Neuropsychological development in a child with early-treated congenital hypothyroidism as compared with her unaffected identical twin

in European Journal of Endocrinology
Restricted access

USD  $0.00
USD  $0.00

USD  $0.00
USD  $0.00

Abstract

Objective: Neonatal screening for congenital hypothyroidism (CH) prevents the serious neuropsychological features of CH, but the question remains whether intelligence and motor skills of CH children treated early are completely normal.

Design: In this report we describe the rare case of two genetically identical twins, only one of whom was affected by CH due to thyroid agenesis. L-Thyroxine (9 μg/kg body weight/day) therapy was initiated at 27 days of age and was adequate throughout the follow-up.

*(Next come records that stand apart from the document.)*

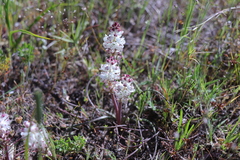 Lachenalia contaminata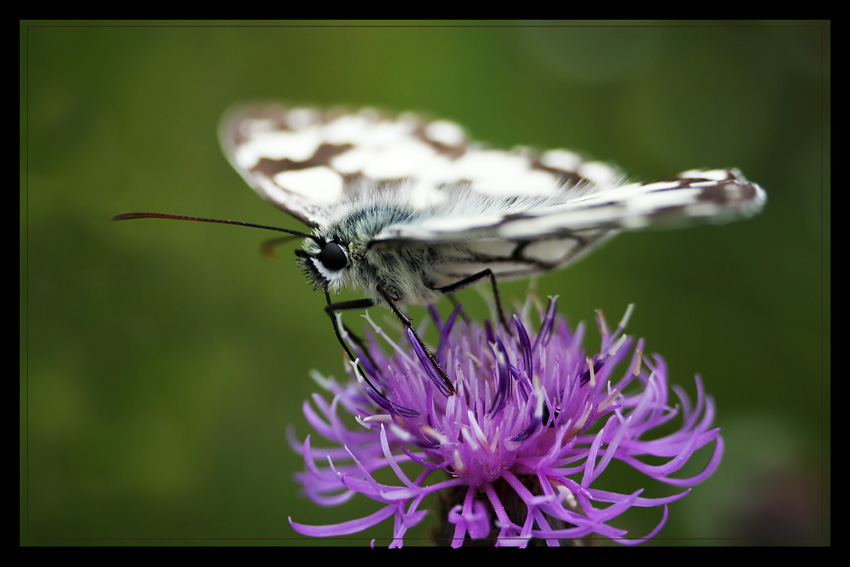 Motyl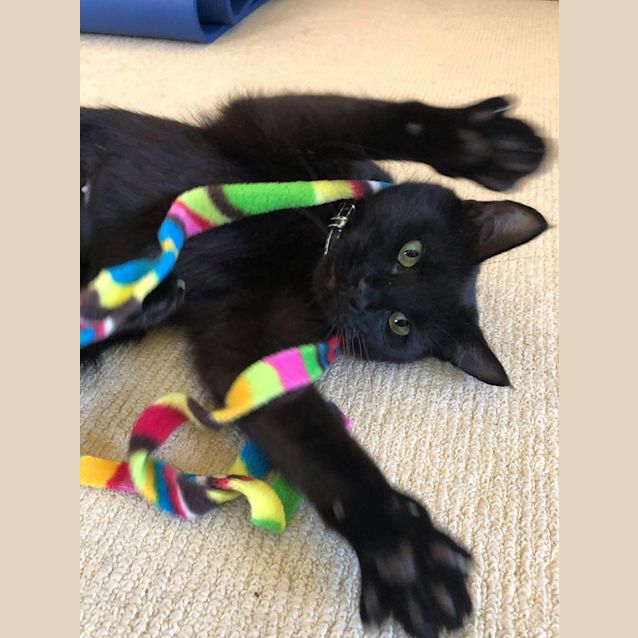 Photo of Mimi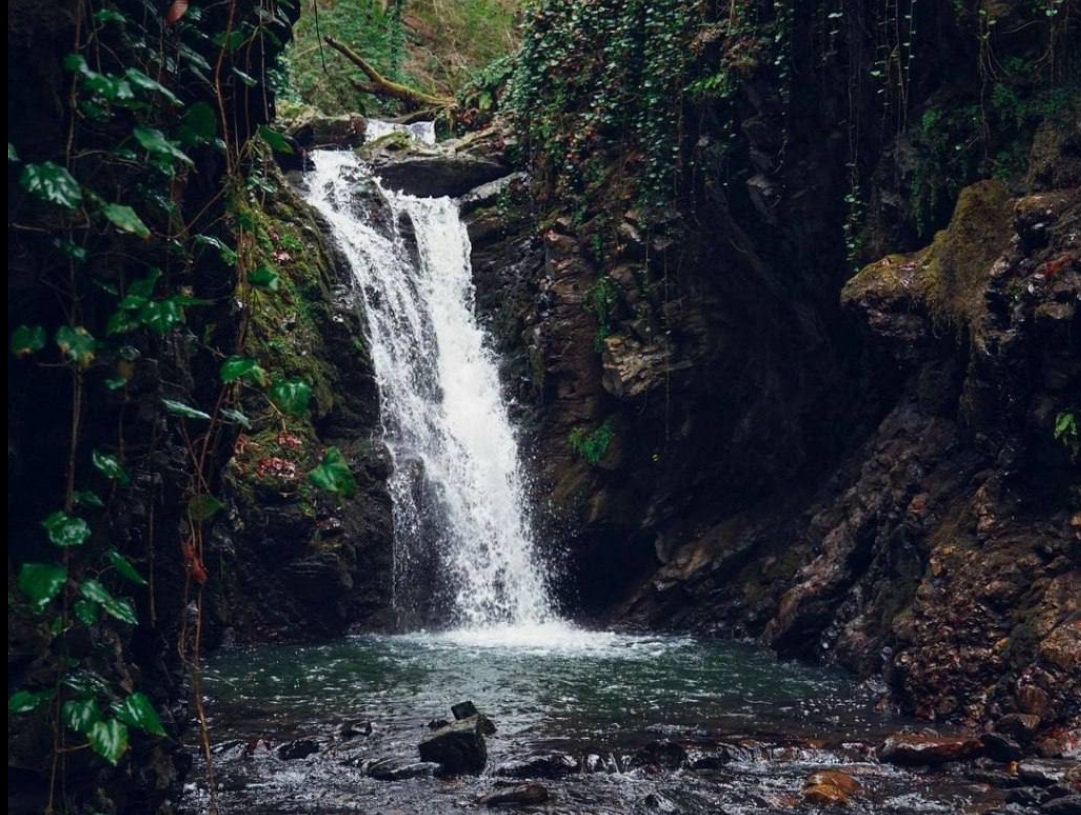 Мацестинские водопады Santosh Deval / google.com/maps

Methods: Neuropsychological evaluation was performed on the twins in parallel from 3 months to 8 years of age.

Results: The CH twin (NB) did not show major neuromotor impairments but, compared with the unaffected twin (EB), she had a slight delay in postural/motor achievements and in language development that completely disappeared at 8 years of age. On standardised tests of intelligence, NB was indistinguishable from control children but, compared with her twin, she had lower IQ scores in most testing occasions up to 7 years of age (NB = 108 vs EB = 115). School achievements of NB did not significantly differ from those of her classmates but, compared with her twin, she scored worse in writing, mechanical reading, verbal memory, and possibly in arithmetic.

Conclusions: Because the twins were genetically and phenotypically identical, were raised in the same environment, and received a similar education, it is concluded that hypothyroidism in utero and in the first neonatal month was responsible for the lower neuropsychological achievements of the CH twin. While foetal hypothyroidism is at present unavoidable, earlier diagnosis and initiation of treatment in neonates with CH are important and highly recommended.